Figure 4.

PPARα was more abundant in male as compared with female T cells and was associated with decreased NF-κB and c-jun activity and increased IFN-γ production. (A) Total RNA was obtained from naive CD4⁺ T cells that were pooled from the spleens of male and female SV.129 mice (n = 4 mice/group). The expression of PPARα mRNA in these cells was measured using real-time RT-PCR, and abundance was expressed relative to β-actin mRNA. Values are means ± SEM of PPARα/β-actin product abundance in triplicate reactions expressed in arbitrary units (AU). (B) Western blot analysis of PPARα in nuclear extracts (250 μg) prepared from male and female T cells.

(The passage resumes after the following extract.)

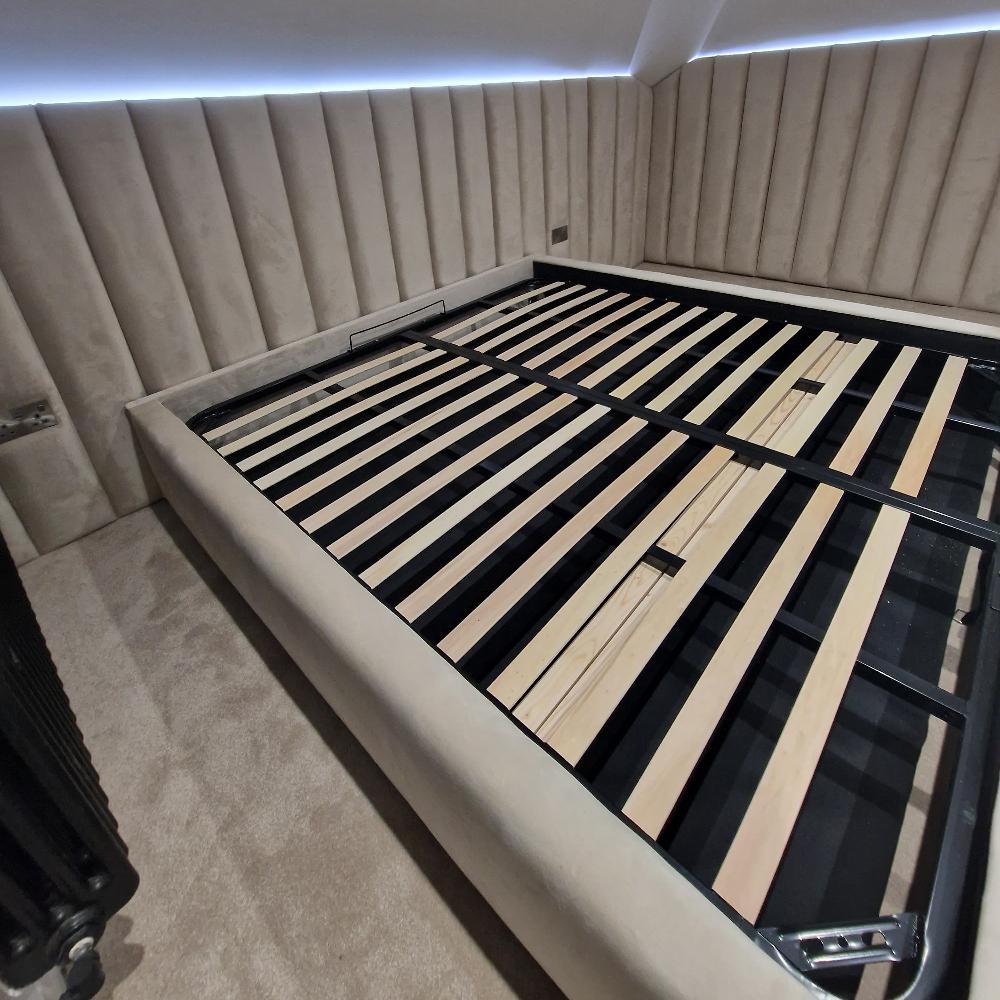 The image showcases The Loftly Panel Bed Frame featuring an upholstered headboard and side panels in plush beige fabric. The bed base is supported by black metal with wooden slats across the width. Surrounding walls are covered in the same beige fabric, creating a textured vertical panel pattern. The bed sits on a light beige carpet, with a sleek black radiator visible on the left. A strip of LED lighting at the top of the headboard provides ambient illumination against the wall.

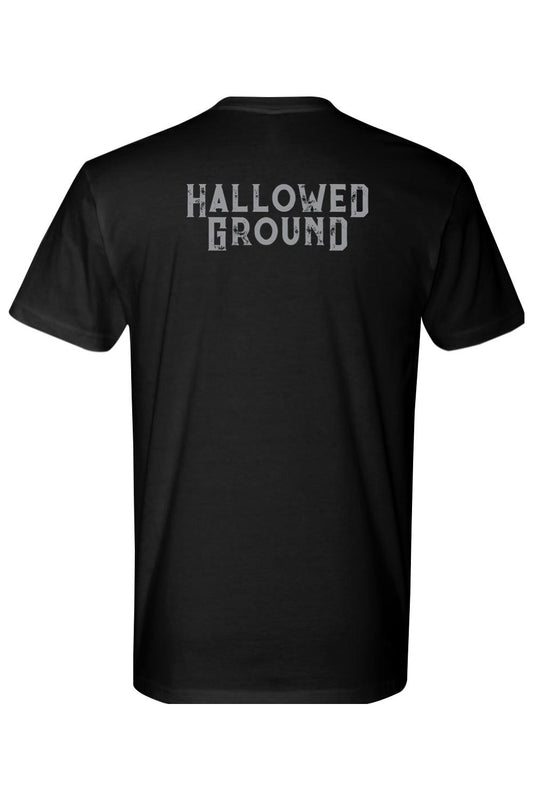 Black 100% cotton t-shirt featuring the Hallowed Ground logo in distressed grey lettering on the back.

Histone H3 was used as a loading control. (C) c-jun (left) and NF-κB (right) DNA binding was measured in nuclear extracts from male and female SV.129 WT or PPARα^−/− CD3⁺ T cells using an ELISA-based assay. Nuclear extracts were prepared from T cells at 16 h after stimulation with 5 μg/ml anti-CD3 and 5 μg/ml anti-CD28. Values are means ± SEM of absorbance units (duplicate culture wells) of stimulated wells expressed relative to absorbance in nonstimulated control wells. (D) CD3⁺ T cells from male and female SV.129 WT or PPARα^−/− mice were stimulated with 0–2 μg/ml anti-CD3 (left) and 0–5 μg/ml anti-CD28 (right). IFN-γ production in culture supernatants was measured by ELISA at 72 h after stimulation. Values are means ± SEM of triplicate culture wells. Note that anti-CD28 and anti-CD3 were held constant at 0.5 μg/ml in the left and right panels, respectively. Results in A–D are representative of two independent experiments.